● **Your instructions**
Below are the records; give again exactly the lines from the one containing "Coin, Australia, Bird" through the one containing "#LTKSeasonal #LTKFind #LTKworkwear", leaving out pictures.

● **Excerpted records**
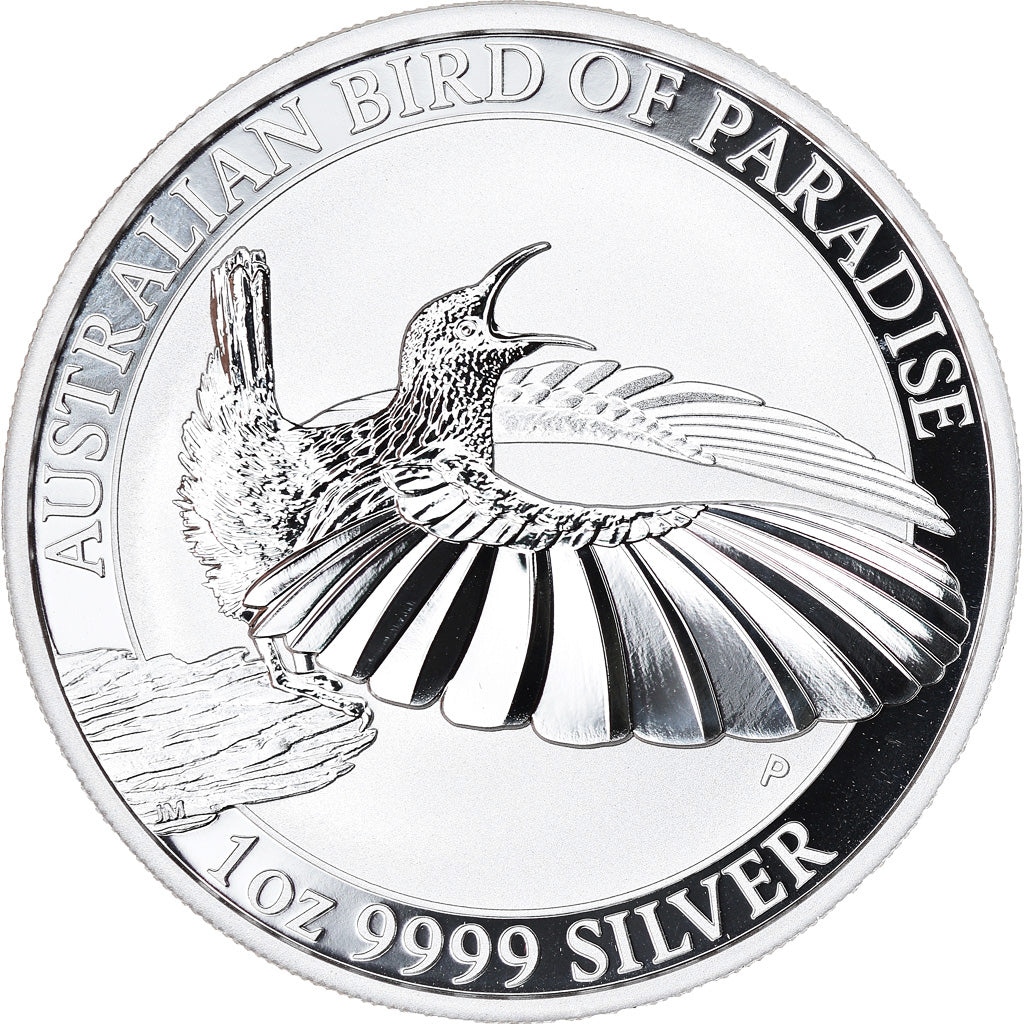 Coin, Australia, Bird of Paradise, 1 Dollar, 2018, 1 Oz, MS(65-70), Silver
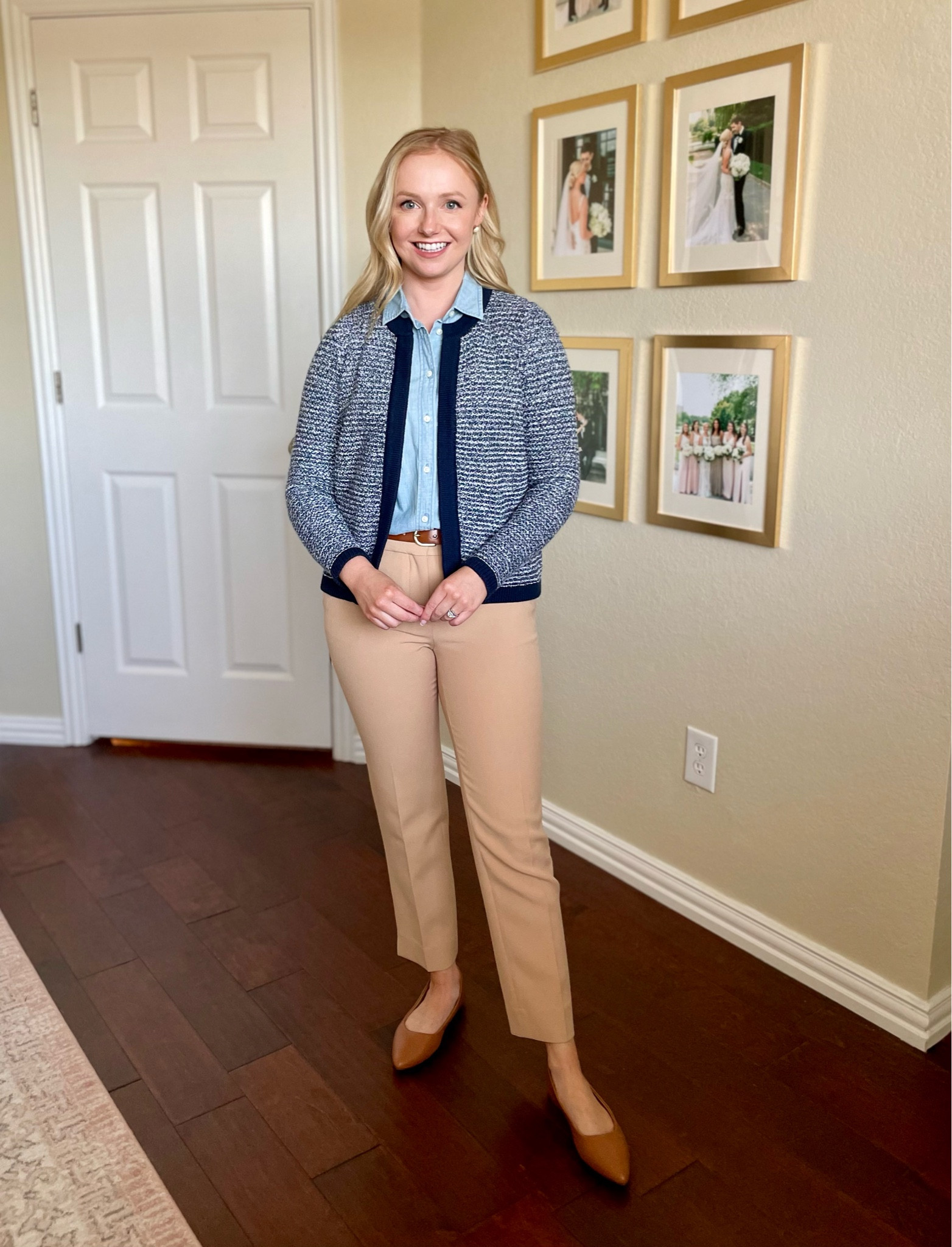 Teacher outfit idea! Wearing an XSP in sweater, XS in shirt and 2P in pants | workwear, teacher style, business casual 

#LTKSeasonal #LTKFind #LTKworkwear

--

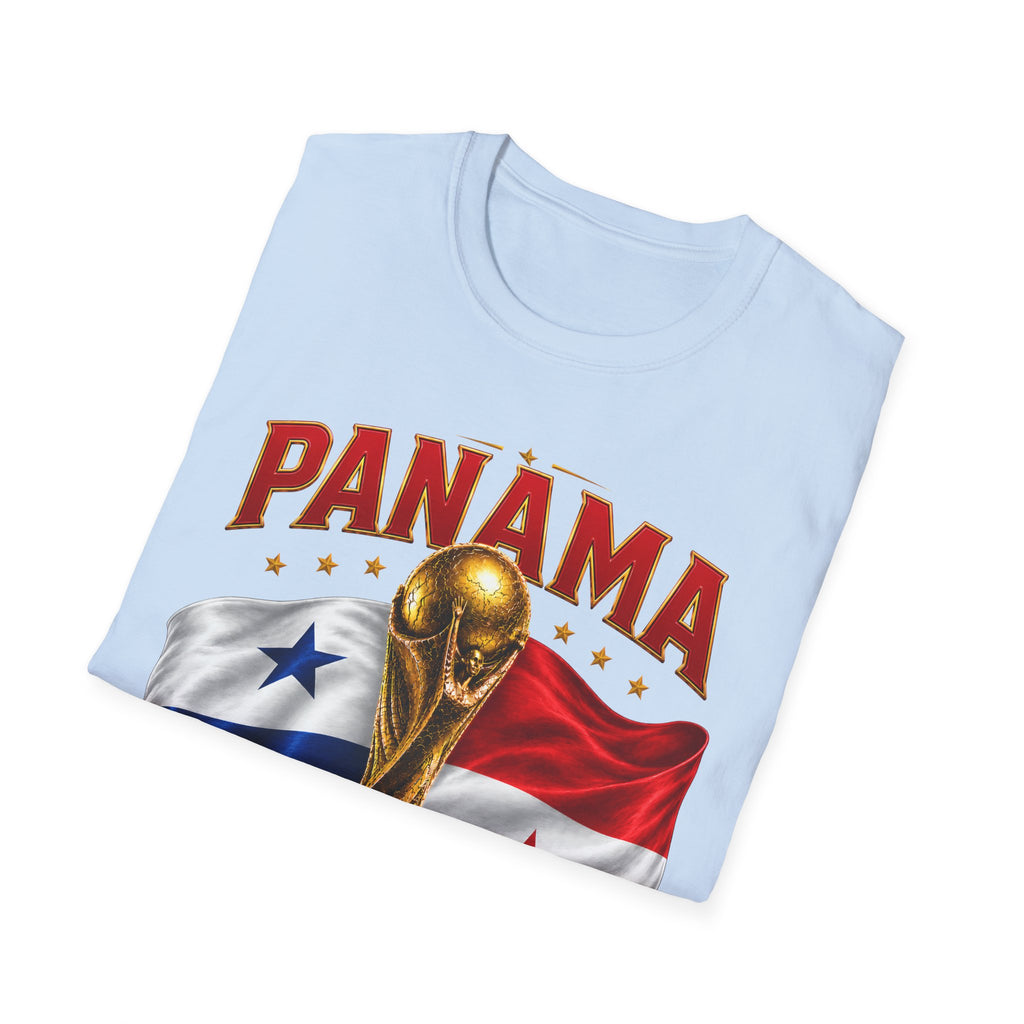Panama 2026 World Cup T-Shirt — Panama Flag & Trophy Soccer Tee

● **Answer to this problem**
 Coin, Australia, Bird of Paradise, 1 Dollar, 2018, 1 Oz, MS(65-70), Silver
 Teacher outfit idea! Wearing an XSP in sweater, XS in shirt and 2P in pants | workwear, teacher style, business casual 

#LTKSeasonal #LTKFind #LTKworkwear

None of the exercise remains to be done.